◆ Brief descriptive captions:
Start of Block
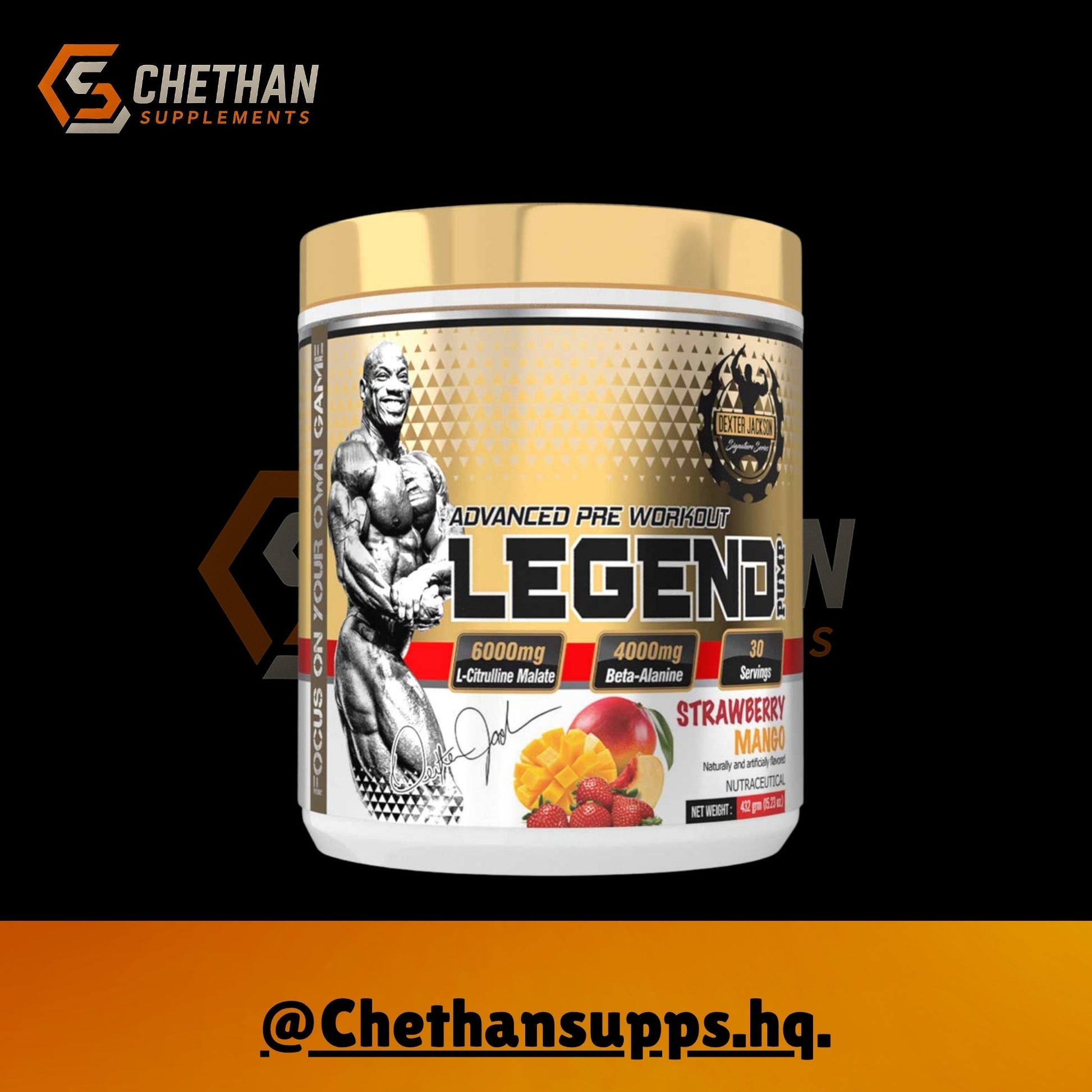 Dexter Jackson Legend Pump, 430 g (0.95 lb), Strawberry Mango - CHETHAN SUPPS.77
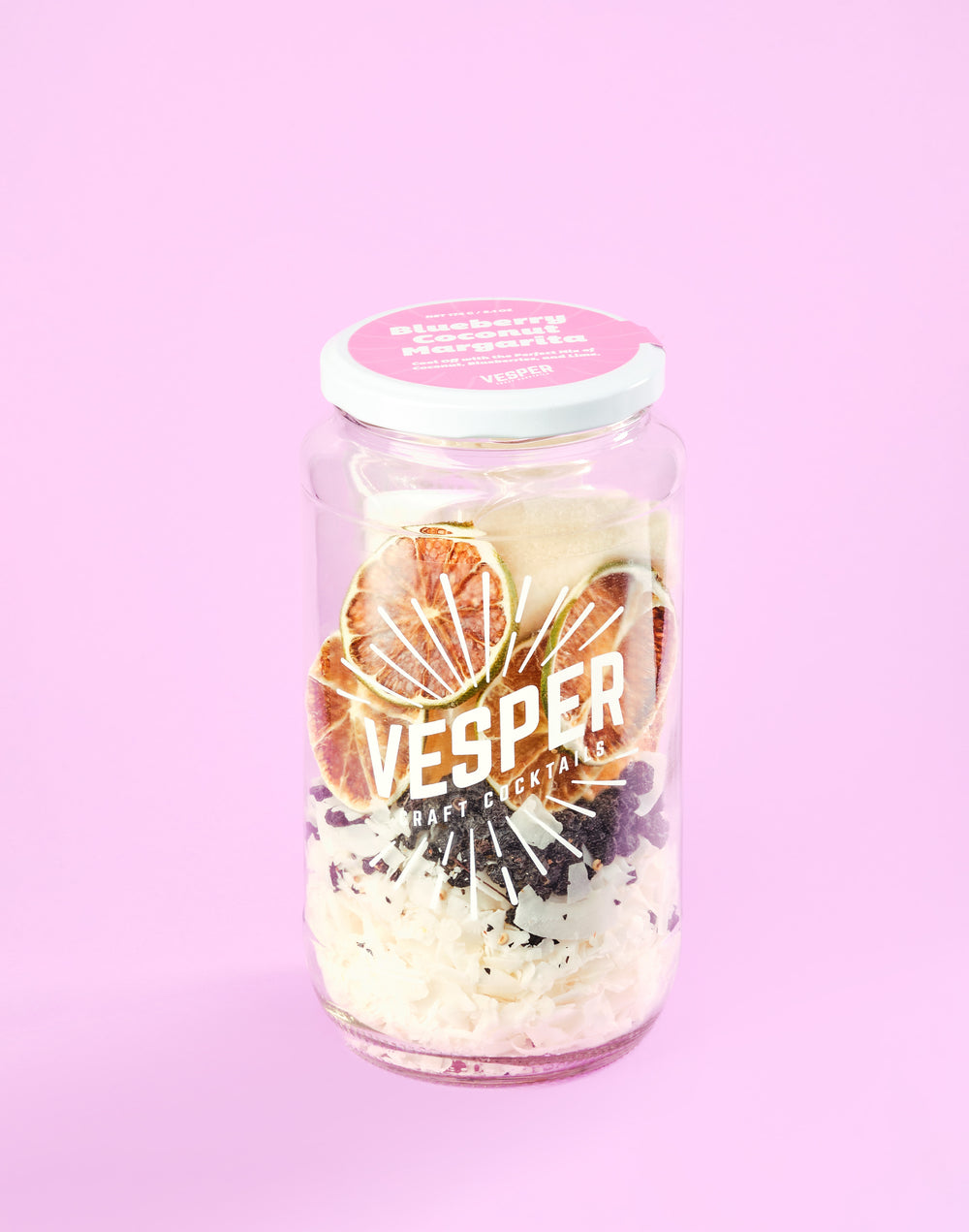 Vesper Blueberry Coconut Margarita cocktail infusion kit jar
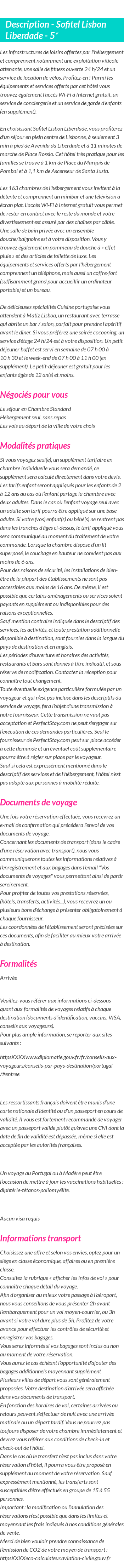 Détails du séjour
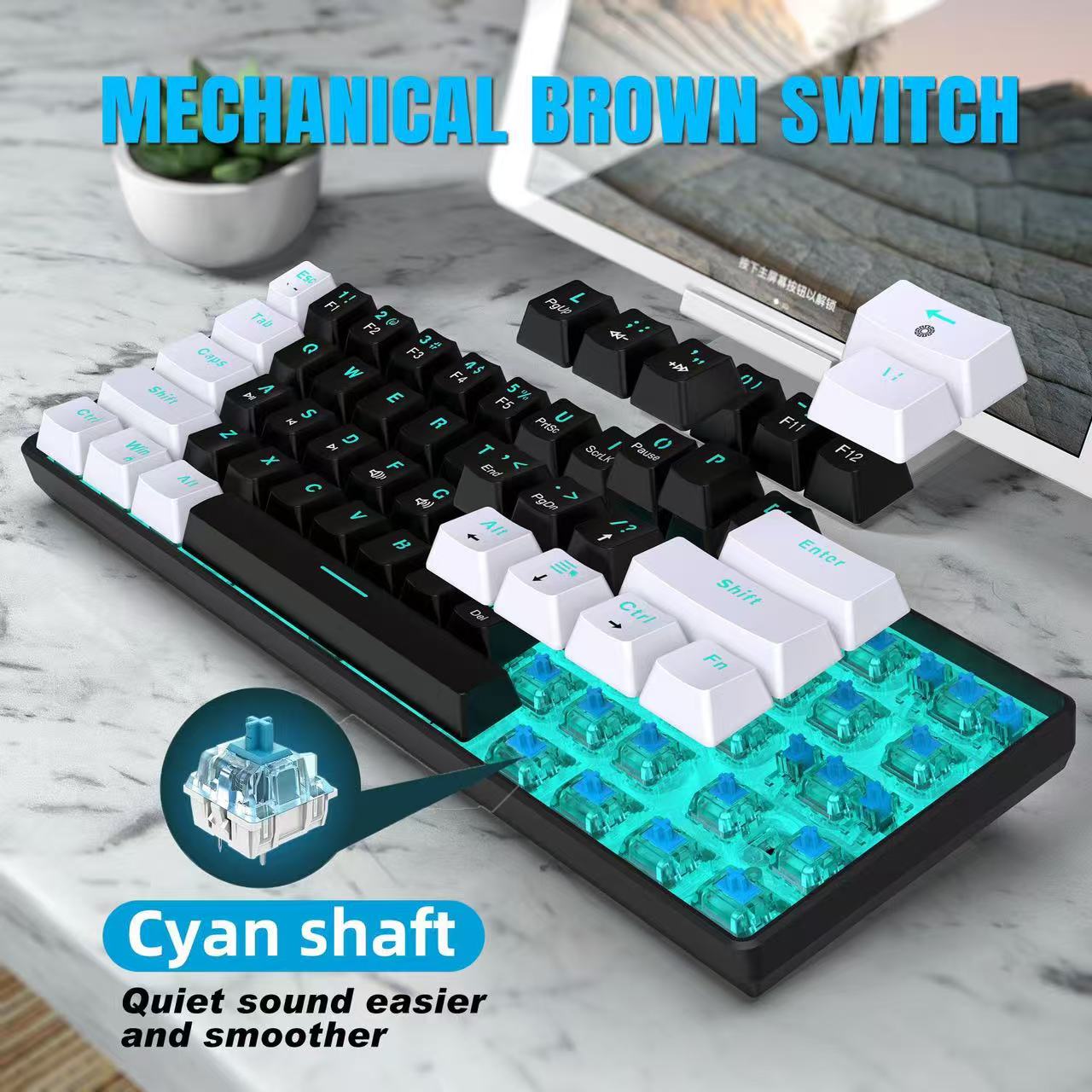 Clavier mécanique 60%, clavier - Keyboard Gaming Blue Switch avis et prix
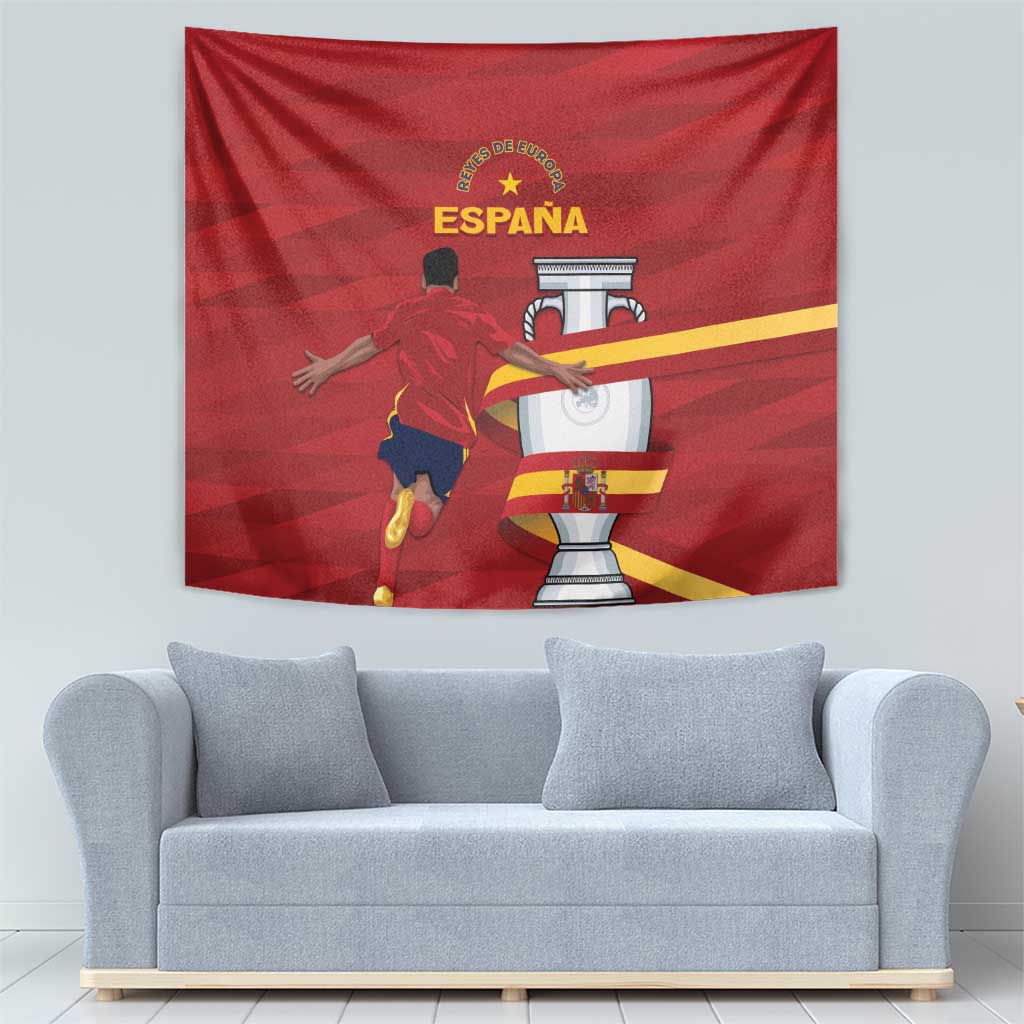 Red Spain tapestry wall hanging with runner and trophy, mounted on a wall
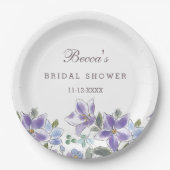 Paarse Bloemen Sering Bloemrijke Bruidsdouche Papieren Bordje (Voorkant)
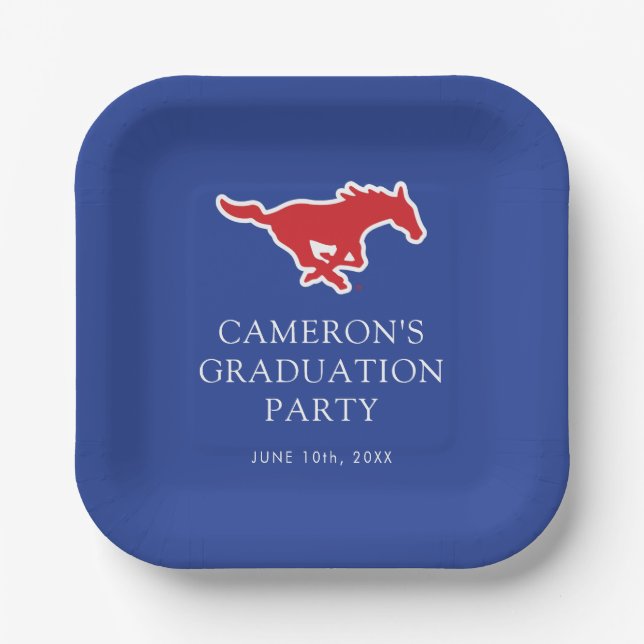 Southern Methodist University Graduation Paper Plates (Front)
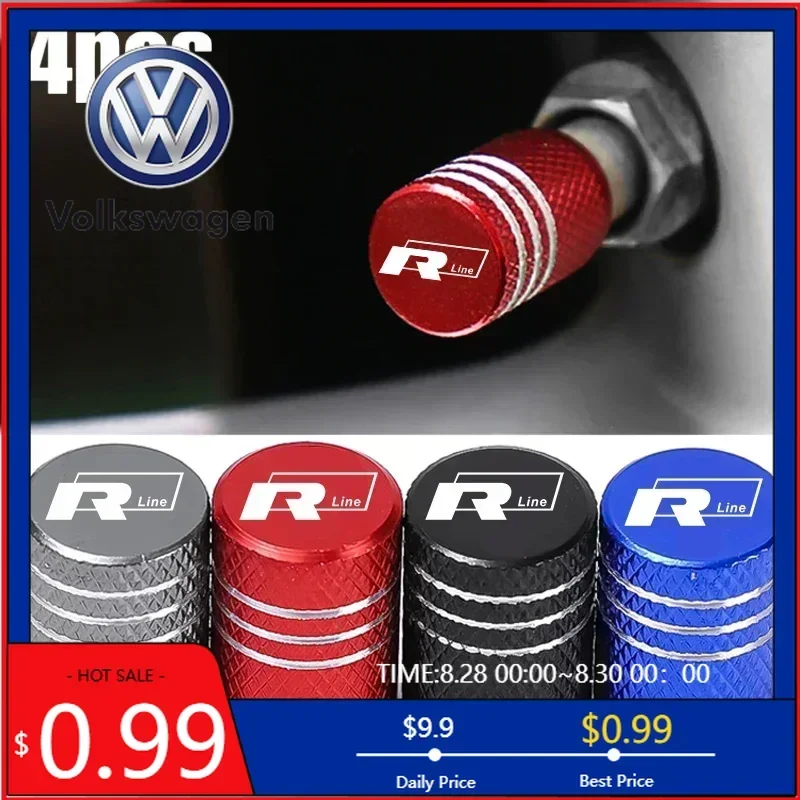 

VW 2026 Hot for Volkswagen VW 4Pcs Car Wheel Rims Tire Valve Stem Caps R line GOLF POLO Jetta GTI Touran GTE Auto Airtight Cover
End of Block
◆ Work request: Above, find the line with "Vesper Blueberry Coconut"; copy it and every line down to the line with "Red Spain tapestry", exactly and both included, but no pictures.

◆ Worked solution:
 Vesper Blueberry Coconut Margarita cocktail infusion kit jar
 Détails du séjour
 Clavier mécanique 60%, clavier - Keyboard Gaming Blue Switch avis et prix
 Red Spain tapestry wall hanging with runner and trophy, mounted on a wall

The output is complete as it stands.